Below the expression ex has roots, rts, where n in an integer and the
constant a is in the interval 0 < a <1. We may check this using FullSimplify
as follows.



ex=2 Cos[z]+I a Sin[z];

rts=z ->Pi(2n-1)/2 + I Log[(2+a)/(2-a)]/2;

FullSimplify[0 == ex/.rts,Element[n,Integers]]



My problem is to try and deduce the roots using computer algebra rather than
by hand. (I also have other expressions I would like to work on.) My attempt
at using Reduce is partially successful but leads to unfamiliar, and
difficult to interpret, ArcTanh functions

Reduce[{ex == 0,0<a<1},z]

An attempt with FullSimplify and ComplexExpand to crack the ArcTanh function
is again partially successful in giving the imaginary part I require.
However, I am stuck with Arg functions with complex arguments.

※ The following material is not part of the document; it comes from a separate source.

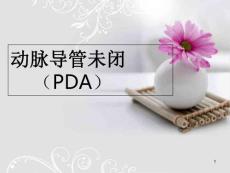 动脉导管未闭课件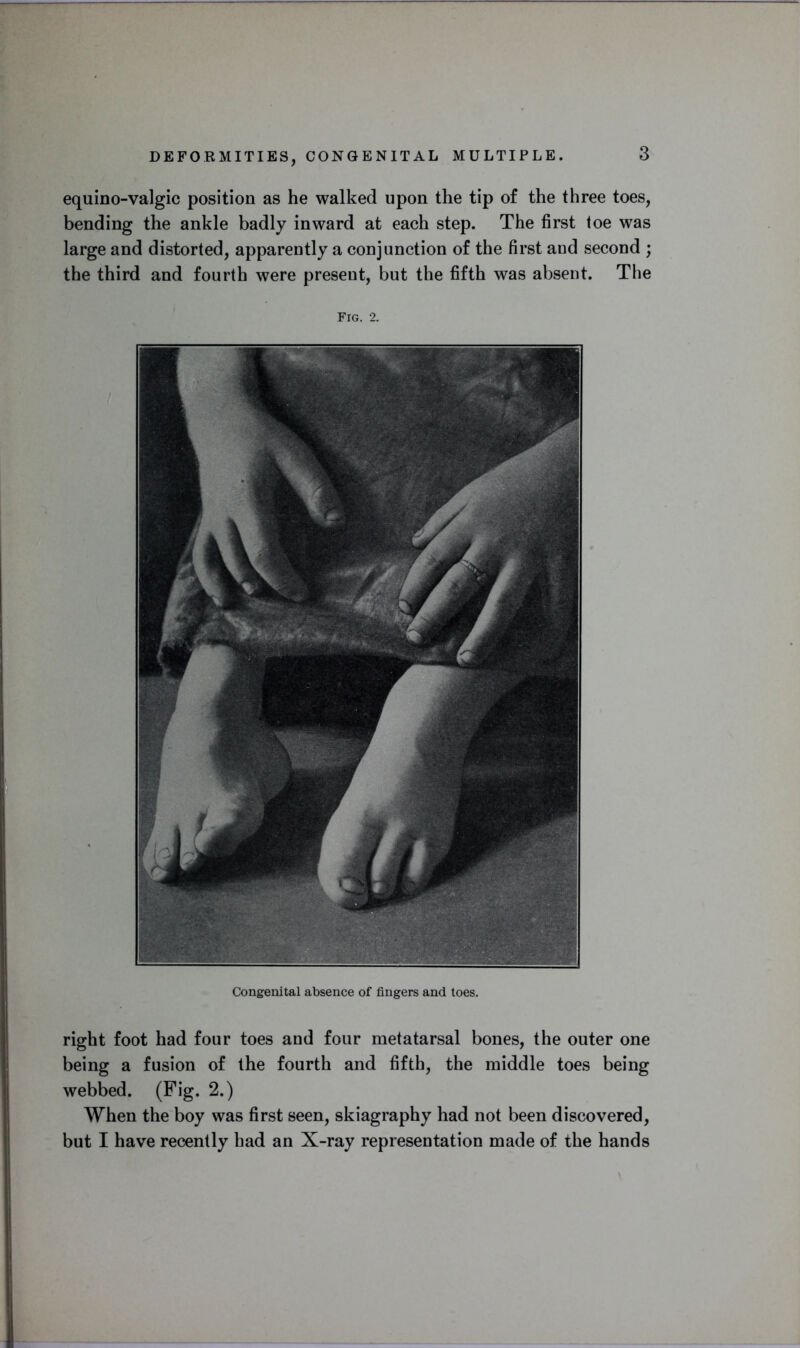 equino-valgic position as he walked upon the tip of the three toes, bending the ankle badly inward at each step. The first toe was large and distorted, apparently a conjunction of the first and second ; the third and fourth were present, but the fifth was absent. The Fig. 2. Congenital absence of fingers and toes. right foot had four toes and four metatarsal bones, the outer one being a fusion of the fourth and fifth, the middle toes being webbed. (Fig. 2.) When the boy was first seen, skiagraphy had not been discovered, but I have recently had an X-ray representation made of the hands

The Arg
Functions are just equal to -Pi/2 but I cannot crack them further. Any
suggestions for simplifying the output from Reduce so that I get the simple
form I guessed at the start? Alternativly, are there more methods for
simplifing the complex output?



FullSimplify[ComplexExpand[(2*I)*ArcTanh[a/2+(I/2)*Sqrt[4-a^2]]],{0<a<1}]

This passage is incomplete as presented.